While in the womb, babies (male or female) grow a Müllerian duct. Normally, as girls grow in the womb, this duct develops into female sex organs. In boys, on the other hand, their genes cause the release of proteins that break down this duct so that it doesn’t develop further.
The genes in developing baby boys with PMDS have changes (mutations) that make these proteins unable to work. As a result, the Müllerian duct continues to develop into a uterus and fallopian tubes that serve no useful biological purpose and may cause health problems.
Who Gets PMDS?
People with PMDS inherit the gene mutations that cause it from their parents. This happens in an “autosomal recessive” pattern. Autosomal means the gene is found in both men and women. Recessive means that both of your parents need to be “carriers” of the mutation for you to get it.

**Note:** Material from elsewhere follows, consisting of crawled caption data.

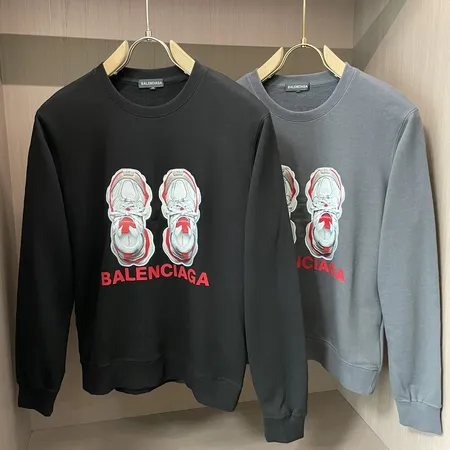 バレンシアガ パーカー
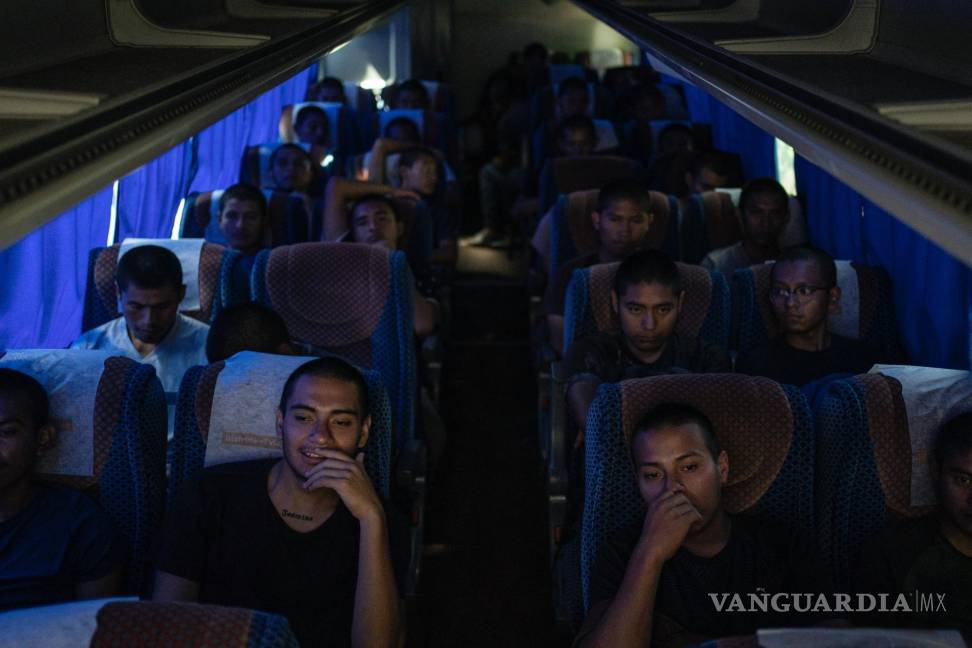 $!Estudiantes de primer año de la escuela Normal Rural Raúl Isidro Burgos viajan a CDMX para pedir justicia por la desaparición hace 10 años de 43 estudiantes.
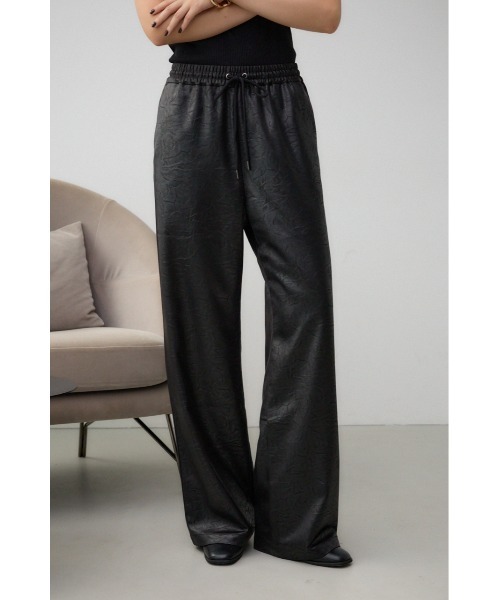 AZUL by moussy（アズールバイマウジー）の「レザーライクリラックスワイドパンツ（スラックス・レディース・ダークブラウン/ブラック・SMALL/MEDIUM）」の2枚目の写真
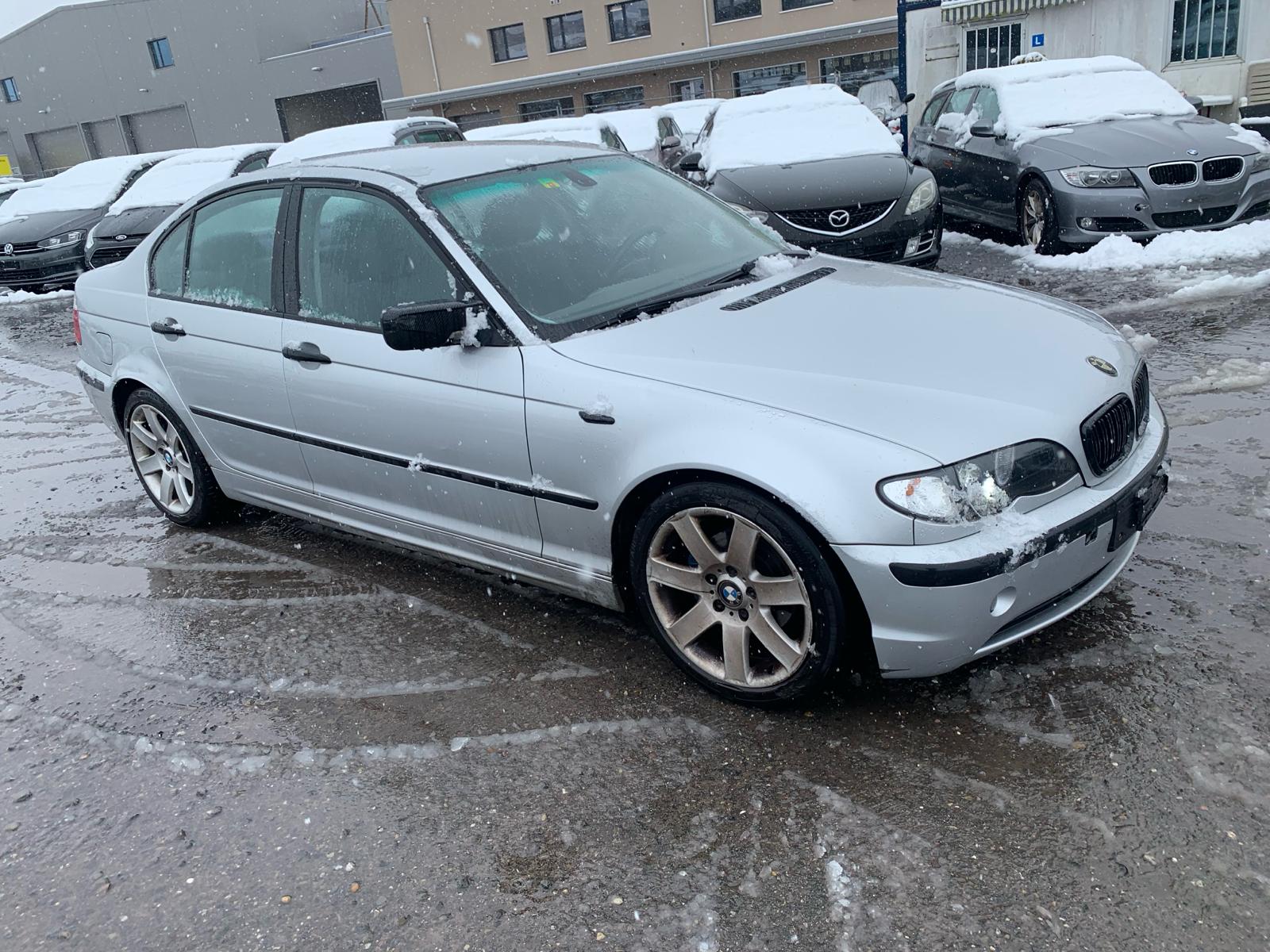 BMW 316i-image-0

For that to happen, each of your parents must inherit the mutation from one (but not both) of their own parents. (We all carry a full set of genes from both our mother and father.)
Your biological parents won’t have the condition, because you get PMDS only when you inherit the mutations from BOTH parents.
But just because both parents have a copy of the PMDS mutation, it doesn’t mean a child will get it. In general, when a biological mother and father each carry the same autosomal recessive mutation, the chance that a child will inherit the disease-causing mutation is one in four. In addition, though both males and females can inherit the gene mutations that cause PMDS, only biological males have symptoms of the disease.
What Are the Signs and Symptoms of PMDS?
One of the first signs of PMDS in boys (girls don’t get it) is that one or both testes don’t descend. It’s also common to see bulges that poke through the muscles in the groin area (inguinal hernia). But it’s important to remember that these symptoms are far more likely due to some other cause. (PMDS is very rare.)
In children, doctors typically discover PMDS by chance during surgery to correct one or both issues. The surgeon notices a uterus and fallopian tubes (and sometimes other female structures) in unusual positions in the pelvic area. If one testicle has descended, it may pull some of the fallopian tube and uterus with it.
Other possible symptoms of PMDS include:
- Abnormal growth patterns in internal male genitalia
- The signs or appearance of external female genitalia in addition to normal male genitalia (male pseudohermaphroditism)
- Abnormal hormone levels
What Are the Possible Long-Term Effects of PMDS?
Adult males with PMDS may be unable to biologically father children.
How Do Doctors Diagnose PMDS?
Doctors often discover PMDS during surgery to correct some of the symptoms of the disease (like hernias or undescended testes). Other possible tools to help diagnose the condition include:
How Do Doctors Treat PMDS?
The primary treatment is surgery to remove the uterus, fallopian tubes, and any other female structures from the male pelvis. Doctors will also use surgery to correct inguinal hernias and undescended testes.
Later, doctors may be able to help infertile men with PMDS by taking sperm from the testes with a needle to use in assisted reproductive therapy.
A special hormone doctor (endocrinologist) may also help manage or adjust hormone levels.
How Common Is PMDS?
Though it is still unclear exactly how many people have PMDS, it appears to be extremely rare. Scientists have reported at least 250 people with the condition in medical literature.